# [Problem]
Extract precisely the lines of the entries below, from the first line through the line containing "Magnificent Apartments Zyblikiewicza".

# [Crawled caption data]
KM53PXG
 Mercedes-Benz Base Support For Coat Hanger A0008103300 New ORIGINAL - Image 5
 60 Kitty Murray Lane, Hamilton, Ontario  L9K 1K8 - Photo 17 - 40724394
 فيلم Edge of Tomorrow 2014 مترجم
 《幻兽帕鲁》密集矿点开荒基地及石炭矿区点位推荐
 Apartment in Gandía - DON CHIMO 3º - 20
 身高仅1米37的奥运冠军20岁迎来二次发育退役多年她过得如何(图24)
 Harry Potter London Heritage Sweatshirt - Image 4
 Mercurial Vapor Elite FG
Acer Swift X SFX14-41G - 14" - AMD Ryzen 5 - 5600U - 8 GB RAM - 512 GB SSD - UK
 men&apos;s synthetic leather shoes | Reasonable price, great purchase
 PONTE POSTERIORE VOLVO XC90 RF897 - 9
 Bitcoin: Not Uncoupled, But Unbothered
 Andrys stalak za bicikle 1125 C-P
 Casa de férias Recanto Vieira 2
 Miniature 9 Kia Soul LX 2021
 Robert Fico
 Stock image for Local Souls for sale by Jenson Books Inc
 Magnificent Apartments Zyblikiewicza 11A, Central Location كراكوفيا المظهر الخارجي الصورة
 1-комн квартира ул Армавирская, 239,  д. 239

# [Solution below]
KM53PXG
 Mercedes-Benz Base Support For Coat Hanger A0008103300 New ORIGINAL - Image 5
 60 Kitty Murray Lane, Hamilton, Ontario  L9K 1K8 - Photo 17 - 40724394
 فيلم Edge of Tomorrow 2014 مترجم
 《幻兽帕鲁》密集矿点开荒基地及石炭矿区点位推荐
 Apartment in Gandía - DON CHIMO 3º - 20
 身高仅1米37的奥运冠军20岁迎来二次发育退役多年她过得如何(图24)
 Harry Potter London Heritage Sweatshirt - Image 4
 Mercurial Vapor Elite FG
Acer Swift X SFX14-41G - 14" - AMD Ryzen 5 - 5600U - 8 GB RAM - 512 GB SSD - UK
 men&apos;s synthetic leather shoes | Reasonable price, great purchase
 PONTE POSTERIORE VOLVO XC90 RF897 - 9
 Bitcoin: Not Uncoupled, But Unbothered
 Andrys stalak za bicikle 1125 C-P
 Casa de férias Recanto Vieira 2
 Miniature 9 Kia Soul LX 2021
 Robert Fico
 Stock image for Local Souls for sale by Jenson Books Inc
 Magnificent Apartments Zyblikiewicza 11A, Central Location كراكوفيا المظهر الخارجي الصورة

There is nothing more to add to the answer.